I work to maintain my slutty reputation as the easiest lay in New York City.
We kind of think you have sex a hundred times a day? Does that seem about right?
I’d deny that, but Fleet Week is coming up.
When you started your successful blog onelifetaketwo.com, did you think, “This blog is going to get me f-ing laid.”?
Actually, I started my blog because I was surprised anyone wanted to have sex with me. After a long, sexless, monogamous marriage, I felt utterly undesirable. When I was beginning to date and have sex again, the entire experience felt unreal. Every day I would write to a couple of friends to tell of the previous evening’s experience. Finally, one of them recommended I start a blog. This was in 2004, and I really had very little sense of blogs. I regarded mine as a kind of safe deposit box for my stories; it was public, but who knew if anyone would read it?
I was surprised that within two months, someone wrote to say she wanted to have sex with me, sight unseen, based on my writing. People may have sex with you because you’re cute, or funny, or smart, and that feels great. But there’s nothing like someone wanting you simply based on your writing. I dated her for about two years.
As a Storyteller and Host of two incredible storytelling shows, what kinds of stories do you like to hear?
Honestly, some of my favorite stories are those in which not very much happens. The nexus of a good story doesn’t have to involve a remarkable situation or feat. It can be the most common thing that captured the teller’s eye.
The two shows that I host, Bare! and Spill!, bring together accomplished storytellers and comics with others such as sex educators and sex workers. I try to achieve a good balance by having each style add its own tropes to the mix of the show. I’ll frequently tell storytellers that this is an opportunity to tell a story that feels too raunchy elsewhere. For those new to storytelling, I suggest focusing on developing narrative structure. They may be out about their sexuality and accustomed to people being shocked or curious about their activities. In advising their transition to storytelling, I encourage them to get beyond that initial response. If it’s a good story, the listener will follow you into the dungeon or the orgy, but you have to get beyond the assumption that because your story about sex, it is intrinsically interesting. That’s a lesson I learned from sex blogging: so many blogs have been plodding recitations of sex acts. Sex storytelling, like sex writing, runs the risk of banality or alienation when the storyteller relies primarily on titillation.
Tell us something about orgies, are there orgy ground rules, like no texting, no banana peels, no singing sad songs?

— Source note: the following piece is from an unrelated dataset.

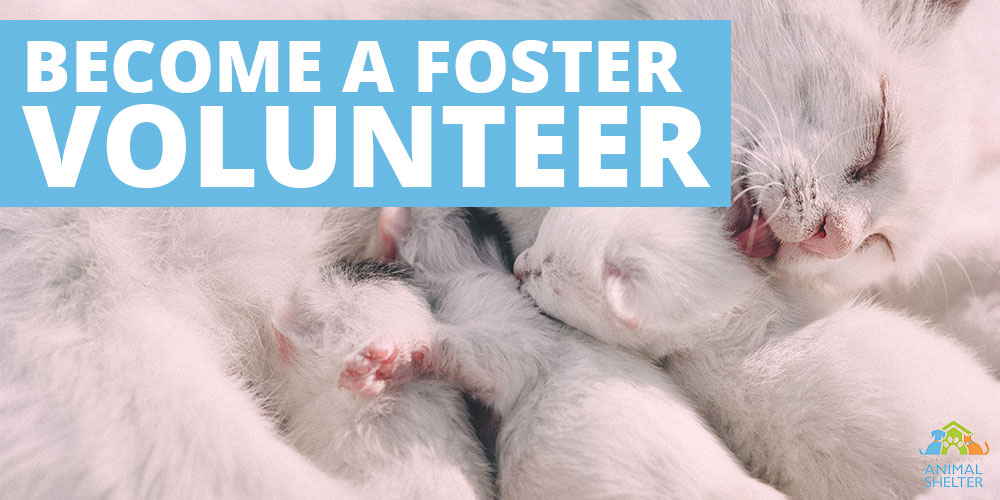 Become a Animal Foster Parent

Like any subcultural cohort, an ongoing orgy group will develop its own rules, guidelines and traditions. All tend to strongly emphasize core values around consent, but may vary about allowing singles, or kink, or alcohol, or what have you. Our group has a set of rules that goes out with every invitation. I wrote these rules based on years of experience and learning from others. In fact, I teach a class called “Orgy Etiquette and Organization” at events throughout the year.
Our party started with my dissatisfaction with parties and clubs I had encountered. I’m bisexual, so I was put off by a prevalent double-standard in traditional swinger scenes: women, no matter their actual preference, are presumed to be bisexual, whereas men, whatever their actual preferences, are dissuaded from being bisexual. Many parties allow only couples and single women; single men are not welcome. Some parties are not welcoming of transgendered people. In New York, parties typically cost $100 or more to attend. I wanted a scene that offered a safe space, welcomed newbies and all genders, allowed free sexual exploration and didn’t discriminate based on income.
My motto became: if the scene you want doesn’t exist, create it. We’re approaching a decade of success with that mission.
Have you ever gotten to the point where you realize your sex life is just too complicated and you fantasize about the missionary position?
Missionary is one of my favorite fetishes. Mormons especially, but Jehovah’s Witnesses are always welcome.